Wolfram Lightweight Grid System brings automation to the problem of connecting separate computers for parallel Mathematica programming. And while the core function of Lightweight Grid is to remotely control Mathematica kernel processes over the network, it has a feature for Mathematica to discover itself.
What is Wolfram Lightweight Grid System anyway? It has two parts, client and server. If you have Mathematica 7, you have Wolfram Lightweight Grid Client. To get the corresponding server, you need Wolfram Lightweight Grid Manager, which comes with gridMathematica Server.
Using Lightweight Grid works something like this:
- Pick some computers
- Install gridMathematica Server on them. Say yes when the installer asks if you want to enable Wolfram Lightweight Grid Manager, and answer the few questions that follow.
- Use the web interface to set up your Mathematica license. You can come back to the web interface to manage kernels or tweak your configuration, but you may never need it again.

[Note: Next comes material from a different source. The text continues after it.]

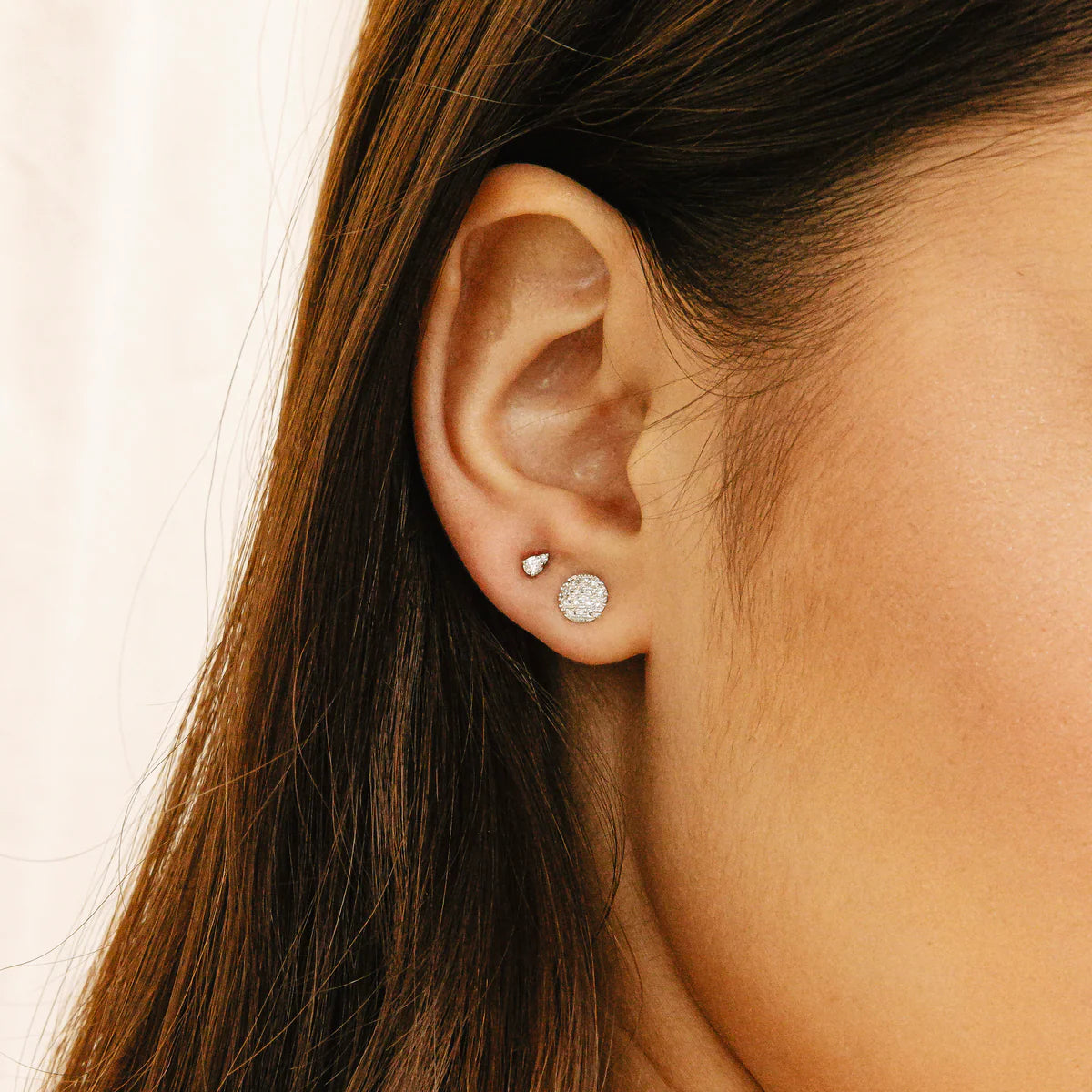 close up of Lauren Joy Mini Disc Studs in Yellow Gold styled with other piercings on ear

- Open the Evaluation > Parallel Kernel Configuration window, enable Lightweight Grid, and watch as Mathematica discovers the gridMathematica Server installations you just created.

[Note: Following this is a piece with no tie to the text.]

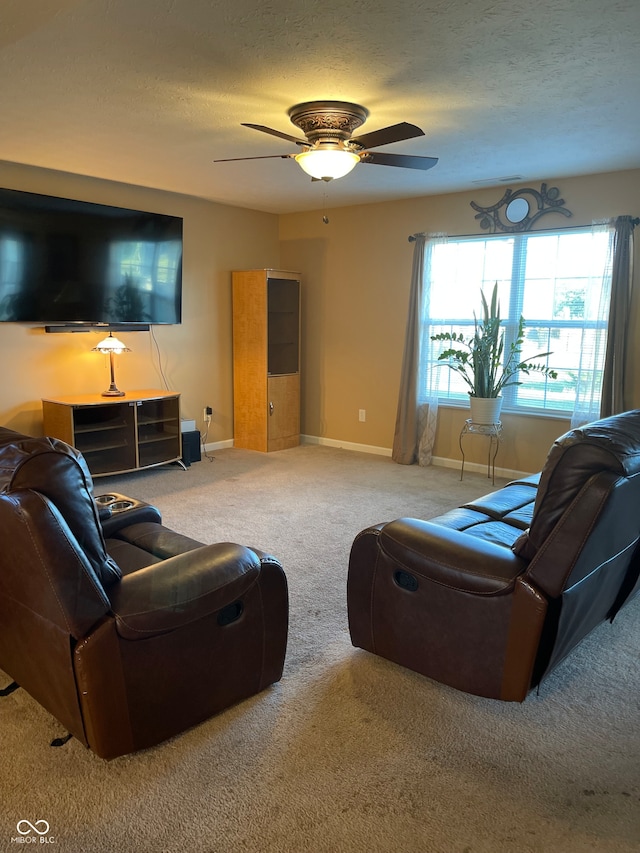 carpeted living room with ceiling fan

- Tell Mathematica 7 how many kernels you want to run on each computer.
There is potentially one more step, and that happens when the Mathematica installation you interact with is on a different subnet from your gridMathematica Servers. In that case, you tell Mathematica the name of just one computer on the other subnet, and Mathematica pulls in the names of all the others automatically.
In our office environment, I’ve harnessed 8 computers running 5 different operating systems (Mac OS X, Linux, Solaris, Windows Server 2003, and Windows XP) to make a 26-kernel configuration.
There: I’ve assembled a handful of multicore desktop computers into a serviceable cluster, made possible with the plug-and-play technology of Wolfram Lightweight Grid System. Now I can point an appropriate parallel Mathematica program to my new cluster, and it will run unmodified, potentially running over 6 times faster than on a 4-core machine. For some, this approach may be the only cluster they need or can afford. For others, it’s a way to reclaim wasted CPU cycles until the next budget cycle lets them assemble their dream machine.